* TASK DIRECTIONS:
Using the data below, output a verbatim copy of the lines between the one holding "Briena Live Cam Porn" and the one holding "Building Photo - 1040 Sleepy Oak Dr", inclusive, without any pictures.

* STUDY MATERIAL:
_ _ _
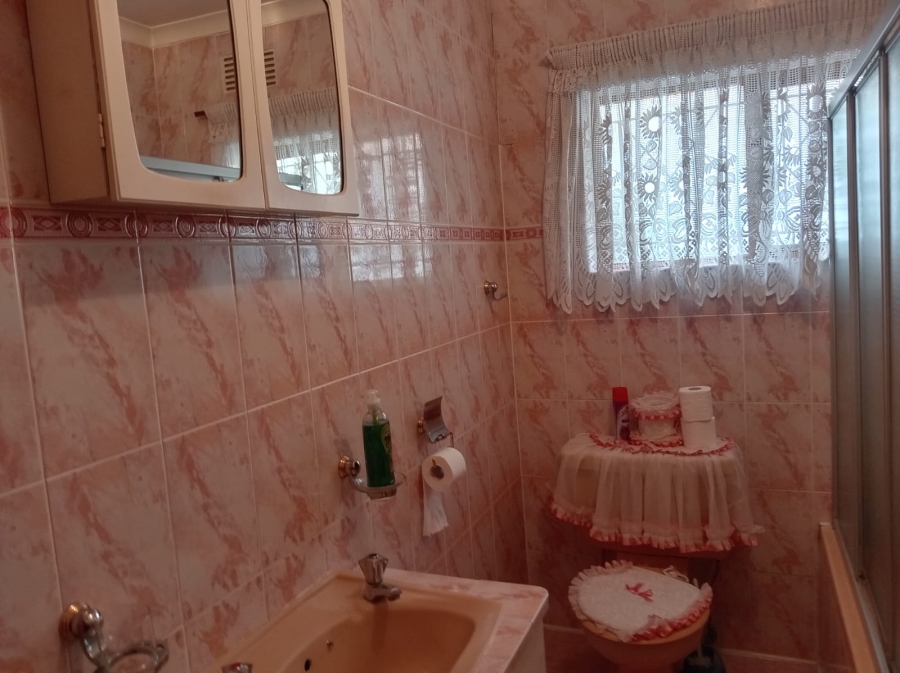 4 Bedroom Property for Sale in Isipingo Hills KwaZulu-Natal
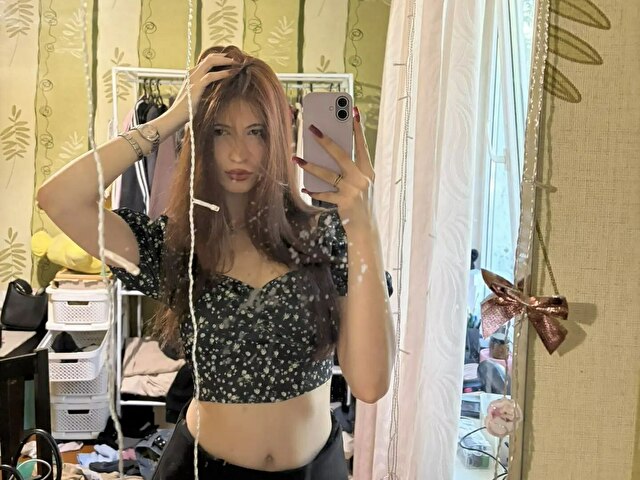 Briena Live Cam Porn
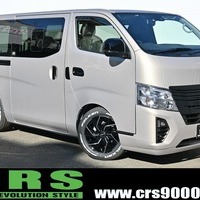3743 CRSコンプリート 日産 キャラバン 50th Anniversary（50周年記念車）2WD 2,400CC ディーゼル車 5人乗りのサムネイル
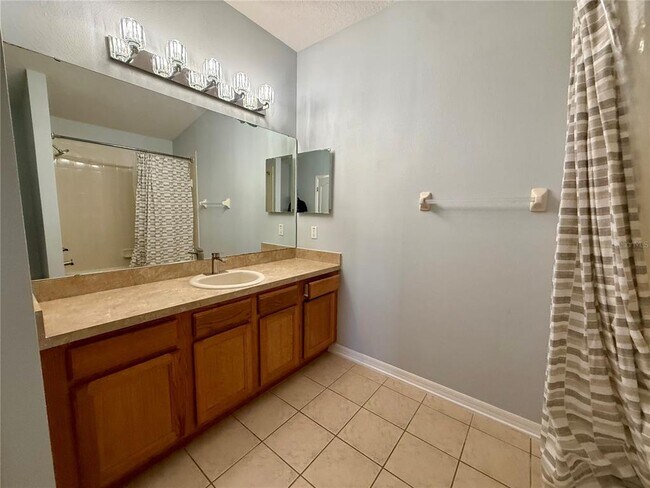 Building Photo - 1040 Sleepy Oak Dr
_ _ _
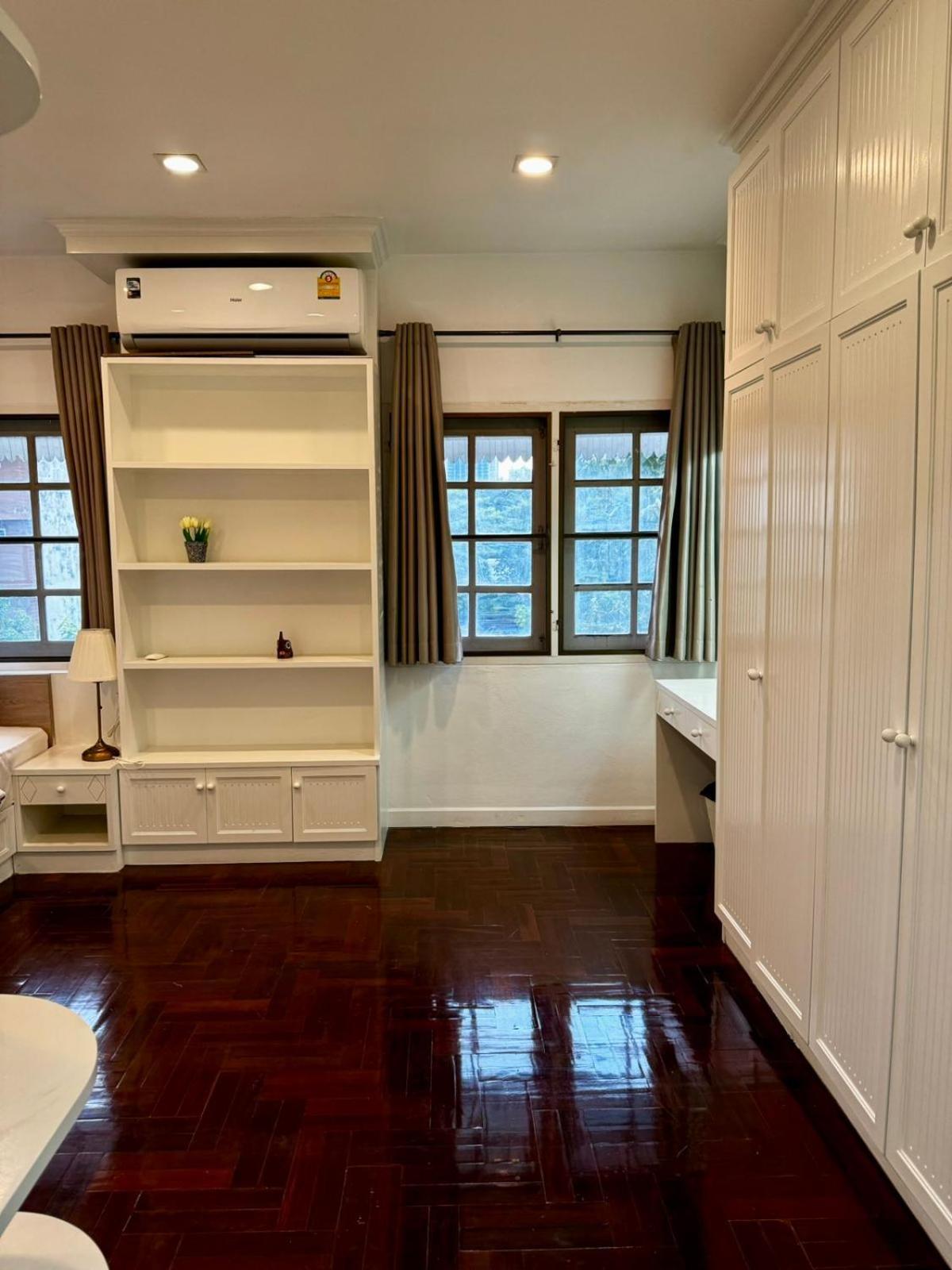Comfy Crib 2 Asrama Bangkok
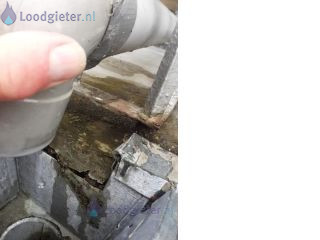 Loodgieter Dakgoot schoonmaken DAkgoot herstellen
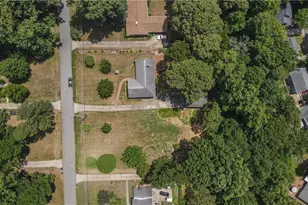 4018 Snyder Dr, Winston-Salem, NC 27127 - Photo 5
_ _ _
* OUTPUT BELOW:
 Briena Live Cam Porn
3743 CRSコンプリート 日産 キャラバン 50th Anniversary（50周年記念車）2WD 2,400CC ディーゼル車 5人乗りのサムネイル
 Building Photo - 1040 Sleepy Oak Dr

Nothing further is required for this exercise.